To summarize, here’s how grocery shopping at one of these small grocers usually worked: These stores operated on a “service model” where some items would be displayed, but you would talk to a clerk to get what you wanted. You told him (and it was always a him) what you (and you were more often than not a woman) wanted to buy, and he would go into the back and retrieve some for you. No prices were displayed, instead when he brought out the products, you would examine the quality and haggle over a price. This would be repeated for every item you wanted to buy. Virtually all of your grocery shopping would be done at the same grocer or at a neighborhood butcher for meat. This model made for exhausting shopping trips, as it forced you to argue over every small item you wanted to buy–whether that produce was really the best quality the grocer had, whether the prices were fair, what brand of product you should be purchasing, etc., but that’s only the beginning. Since all of your grocery shopping is done at the same place and goes through a personal action with the same person (or a limited group of people), that person learns a lot about your private life, whether you want him to or not. He knows what you’re feeding your family every night, he knows what you’re feeding the in-laws when they come over, and he knows what you’re taking to the church potluck. On top of these personal tensions, you have larger societal tensions based around gender and ethnicity adding weight to these interactions. In a large multi-ethnic city like Chicago, you would be under considerable pressure from your ethnic community to keep your money within the community, while being under pressure from society to keep the cost of living down by paying the lowest price possible, while dealing with the condescension and frustration of the grocer for being a “difficult” customer. In this environment, it should be no surprise that chain stores, which empowered customers to make their own decisions about what product to buy, removed haggling, removed personal interactions, and weren’t picky about what ethnicities they hired were embraced with relief by shoppers, to the point where the small grocers either had to band together and adopt the chain store model (as occurred with IGA) or die out.
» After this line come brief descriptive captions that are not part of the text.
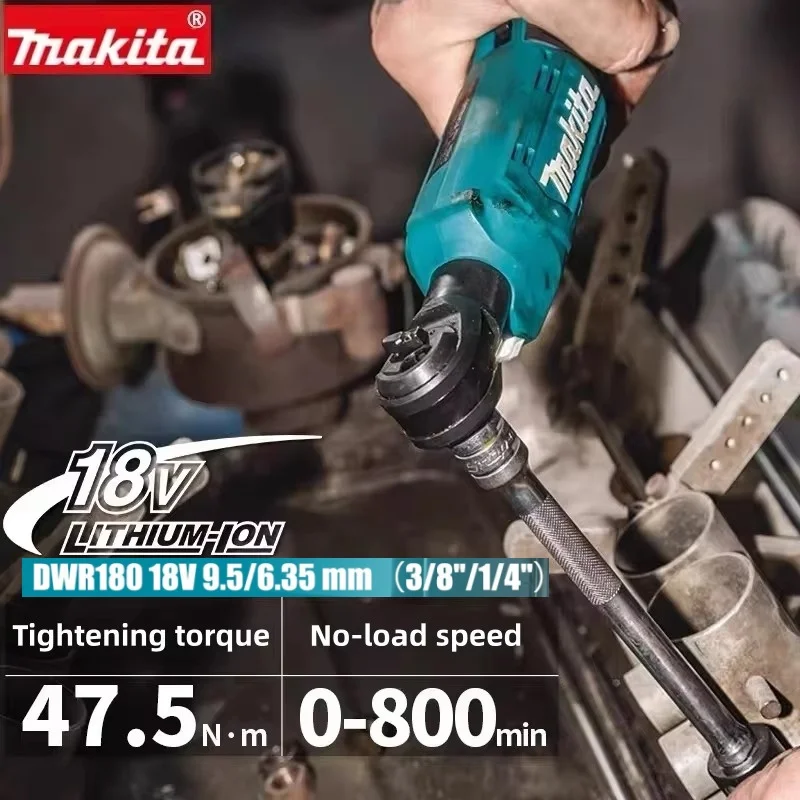 makita-dwr180z-18v-cordless-ratchet-wrench-635mm-drive-high-speed-800rpm-475-n·m-angle-tool-for-tight-areas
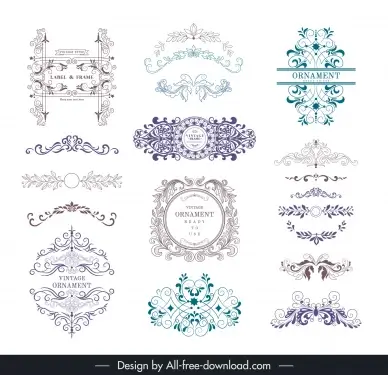 ornate vintage design elements symmetric elegant shapes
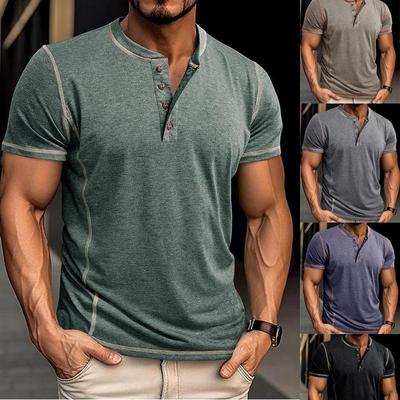 Atmungsaktives, lässiges, kurzärmliges Henley-T-Shirt aus Baumwolle mit Knopfleiste für Herren, leichtes, weiches T-Shirt für Männer, bequeme Passform, lockerer Pullover für die Arbeit im Urlaub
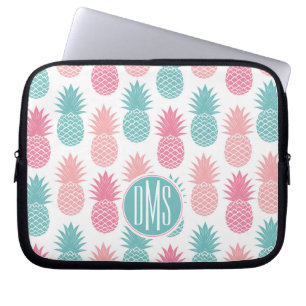 Housse Pour Ordinateur Portable Monogramme vintage du motif d'ananas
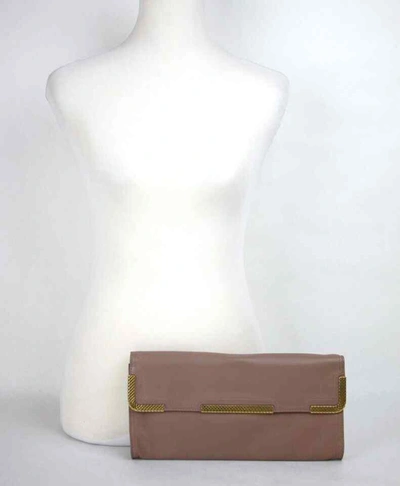 Shop Bottega Veneta Women's Leather Wristlet Clutch Bag Gold Detail Mauve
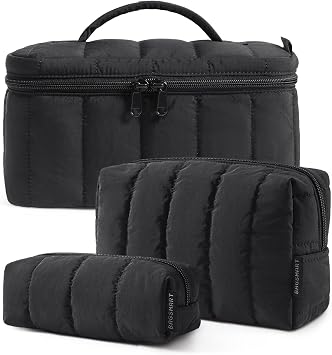 BAGSMART Travel Makeup Bag for Women, 3 Pcs Puffy Padded Cosmetic Organizer Bag, Large Toiletry Case and Small Purse Pouch for Gym, Work, Girls Black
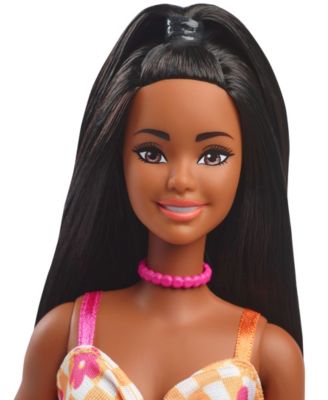 Fashionistas Doll 233 in Checkered Flower Midi Dress, Black Hair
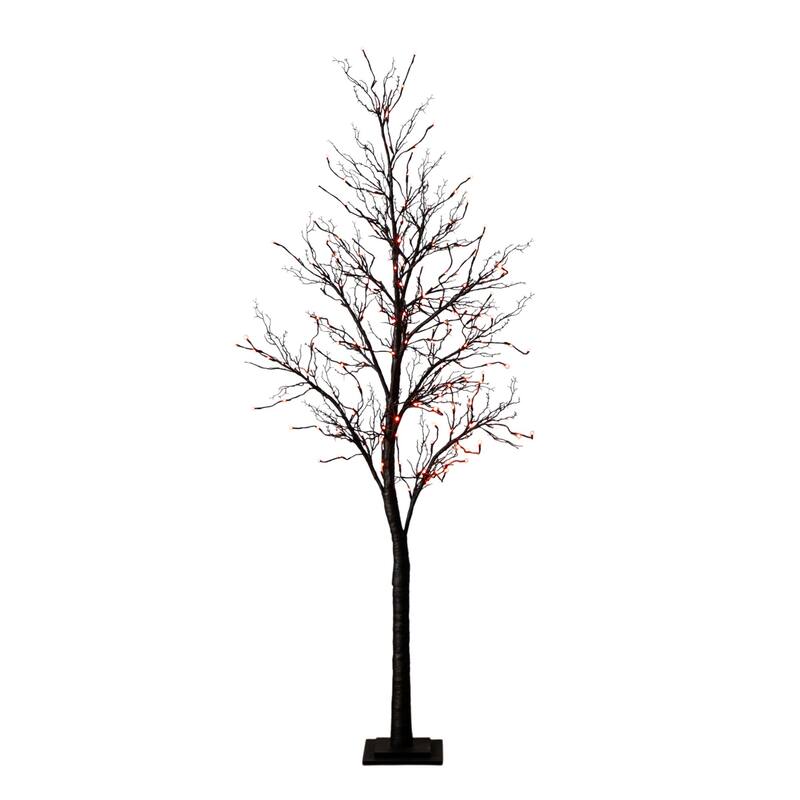 Pre-Lit Deluxe Twig Halloween Artificial Tree - 7' - Multicolor LED Lights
So what does this have to do with Recettear? Well, the item shop you run illustrates these concepts pretty well. Your business partner, Tear, starts out by advising you to haggle over every product to get the highest sale price possible. Following this advice is how most people lose their first playthrough of the game, because it’s almost impossible to make enough money to pay off your debt this way. While you might get a better percentage on individual sales, it will take longer for customers to start making special orders or selling items to you, and they won’t bring as much money to your store to spend. In order to build up your shopkeeper level and get your customers to increase their shopping budgets, you have to avoid haggling with them by making them an offer they won’t feel the need to haggle over. In essence, you have to minimize or avoid the sort of tensions that Deutsch discusses in order to be a successful shopkeeper. In fact, once you’ve established yourself and have a loyal customer base, often the best way to make money is to put out some vending machines stocked with products and set prices, putting you in the chain store model of allowing your customers to pick their own goods, pay, and depart with a minimum of fuss or personal interaction. Recettear thus models why small scale grocers had to adopt the chain store model or go out of business.